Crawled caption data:
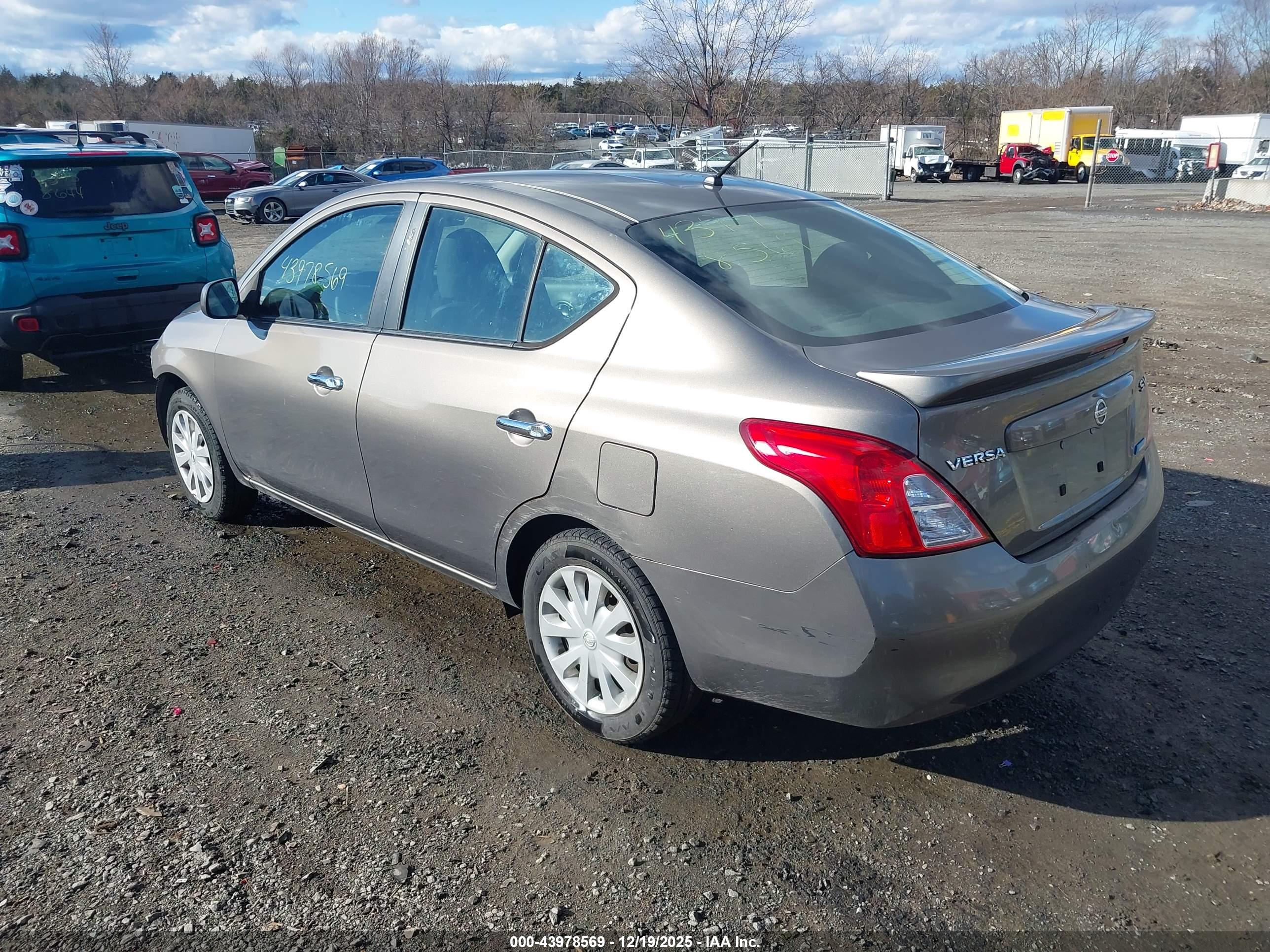 NISSAN VERSA image 3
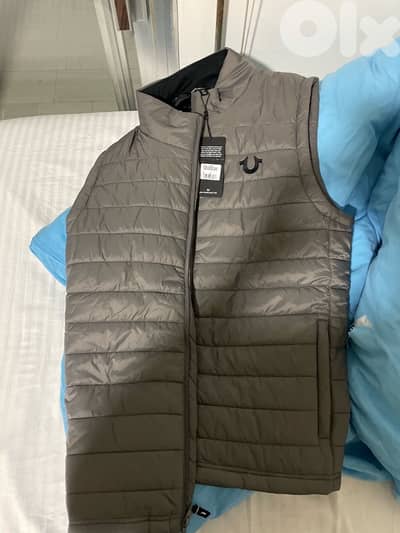 Brand new True Religion gilet  gray size L with tags — 100% authentic
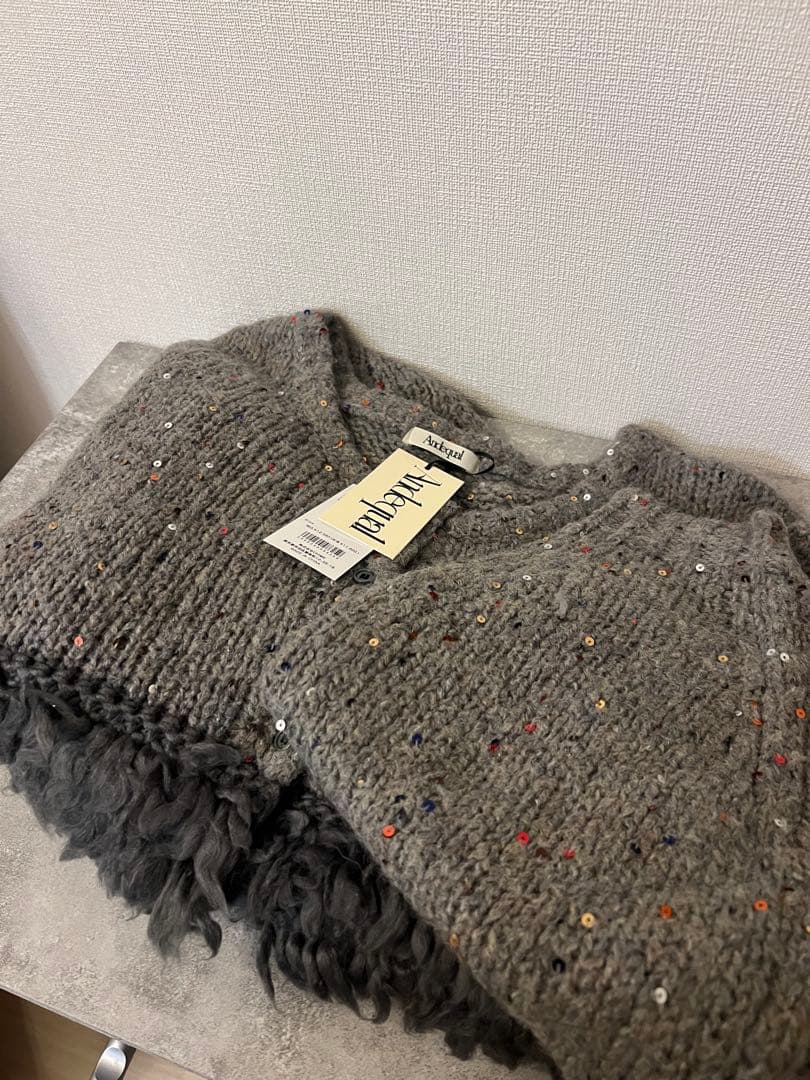 【未着用】fringe design gritter knit andequal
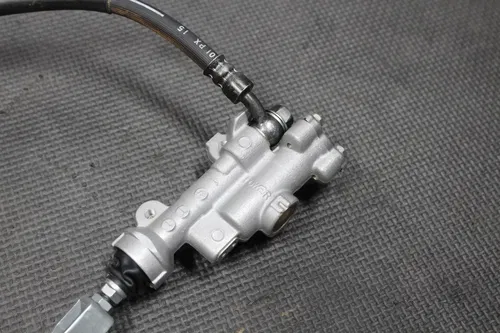 2005 HONDA CRF250R 05-09 OEM REAR BACK BRAKE CALIPER MASTER CYLINDER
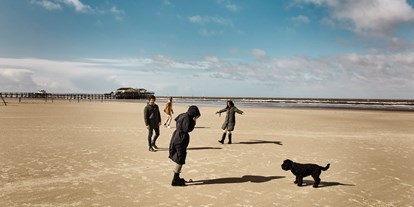 Hundehotel - Hundewiese: nicht eingezäunt - Tönning - Am Strand - Urban Nature St. Peter-Ording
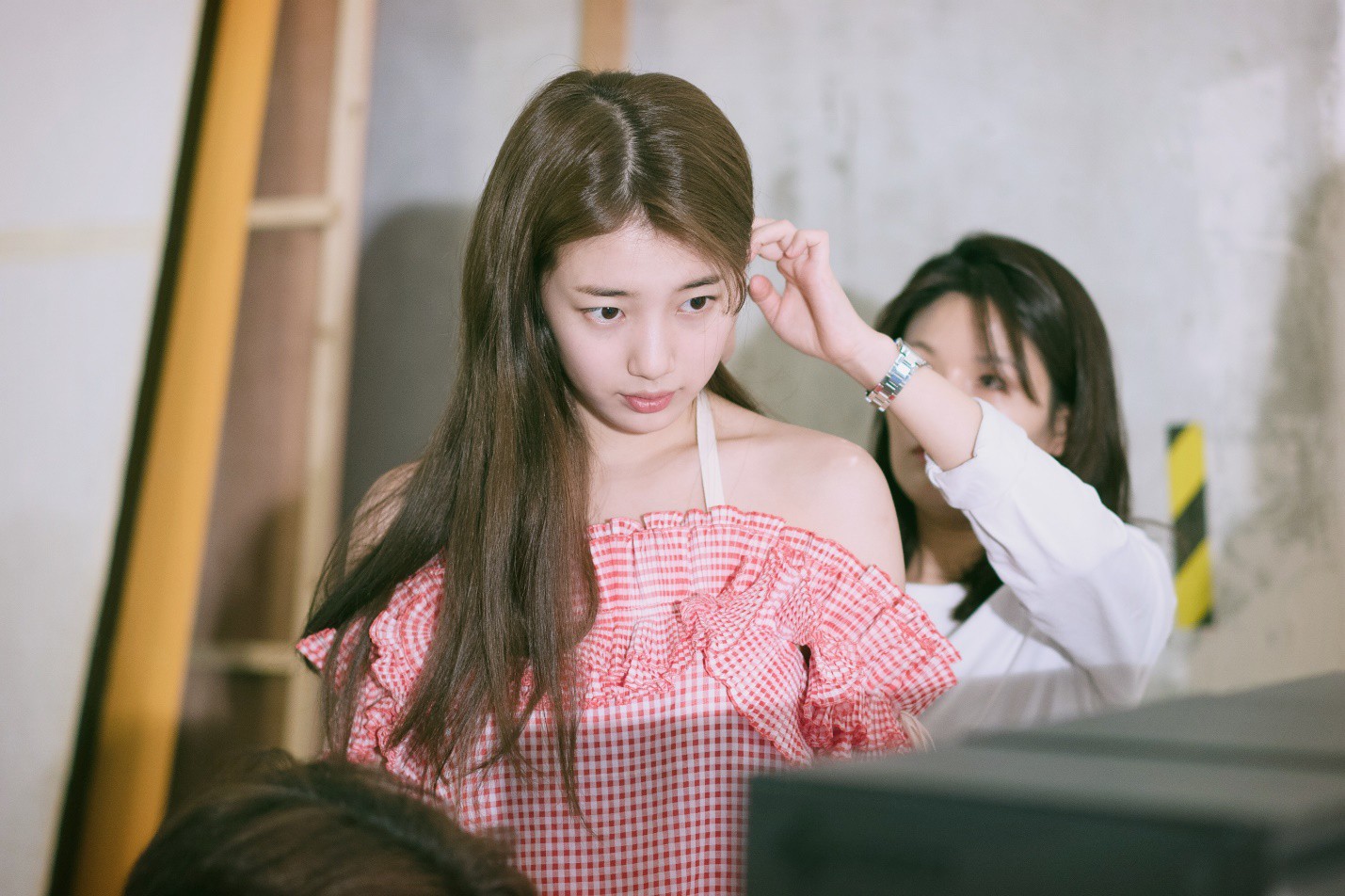 Chia tay Lee Min Ho, Suzy ngày càng đẹp đến mức ngẩn ngơ trong loạt hình hậu trường - Ảnh 1.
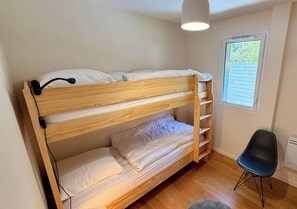 A bunk bed with a desk and chair, a window with blinds, and a ceiling light. - Le Belvédère de La Montille (sleeps 6) (Mont-Dore)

Work request
Begin with the first line of the entries above and write out each line exactly, ending with the line containing "2005 HONDA CRF250R". Leave out pictures.

Exercise output
 NISSAN VERSA image 3
 Brand new True Religion gilet  gray size L with tags — 100% authentic
 【未着用】fringe design gritter knit andequal
 2005 HONDA CRF250R 05-09 OEM REAR BACK BRAKE CALIPER MASTER CYLINDER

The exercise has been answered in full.